Setelah menerima penyerahan berkas, Naimullah akan mencermati uraian-uraian yang disampaikan penyidik polisi. Kejaksaan tidak mematok target menyelesaikan pemeriksaan berkas secepatnya. "Kami pelajari sesuai ketentuan yang diatur undang-undang," ujarnya.
Naimullah menuturkan, Kejaksaan selalu berkoordinasi dengan Polda Jawa Timur karena kasus tersebut menjadi sorotan nasional. "Karena ini perkara penting, kami laporkan ke kepolisian secara bertahap. Mulai dari penerimaan surat perintah dimulainya penyidikan dan penyerahan berkas tahap satu," katanya.

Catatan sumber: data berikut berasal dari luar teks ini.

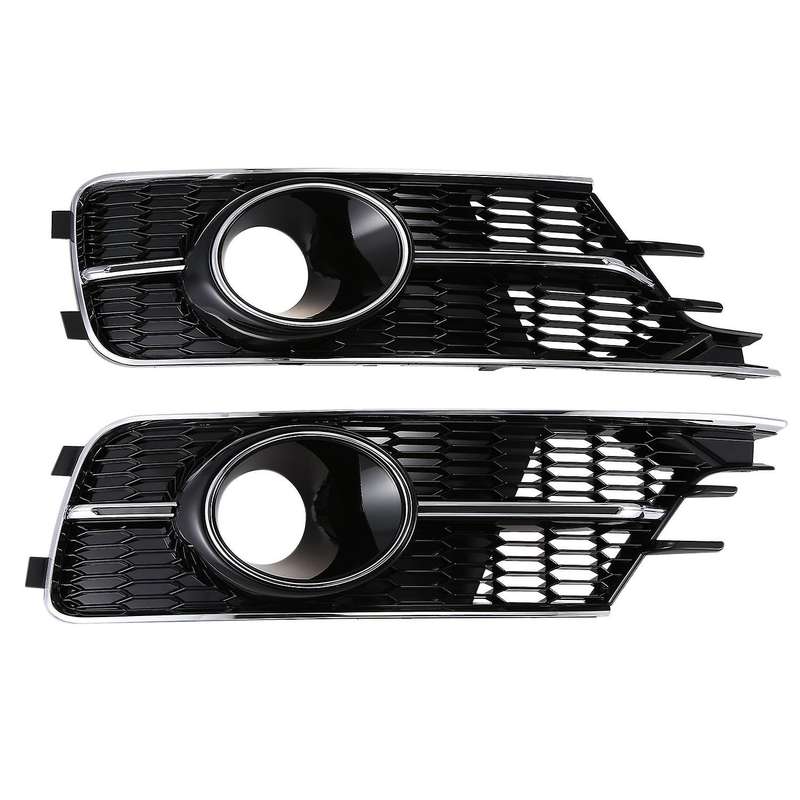 for  A6 C7 2016-2017 Chromed Front Bumper Mesh Cover Grill & Fog Lamp Decor L+R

Bila berkasnya sudah lengkap, kata Naimullah, kejaksaan akan melaporkan secara berjenjang ke kepolisian. Untuk hukuman, mengacu pada pasal 340 KUHP tersangka terancam 20 tahun atau seumur hidup. Sedangkan untuk Pasal 338 ancaman hukumannya 15 tahun. Adapun untuk kasus illegal mining, ancaman hukumannya 10 tahun dan denda Rp 10 miliar.
Salim alias Kancil menjadi korban pembunuhan sekelompok preman pendukung tambang di Pantai Watu Pecak, Desa Selok Awar-awar, Kecamatan Pasirian. Salim tewas dalam peristiwa itu. Selain Salim, Tosan juga dianiaya hingga mengalami luka serius.
Komisi Nasional Hak Asasi Manusia yang melakukan investigasi ke Lumajang Senin kemarin menyatakan terdapat pelanggaran HAM yakni kekejaman serta hak hidup. Kepala Desa Selok Awar-awar, Hariyono menjadi aktor intelektual pembunuhan sekaligus tersangka tindak pidana illegal mining.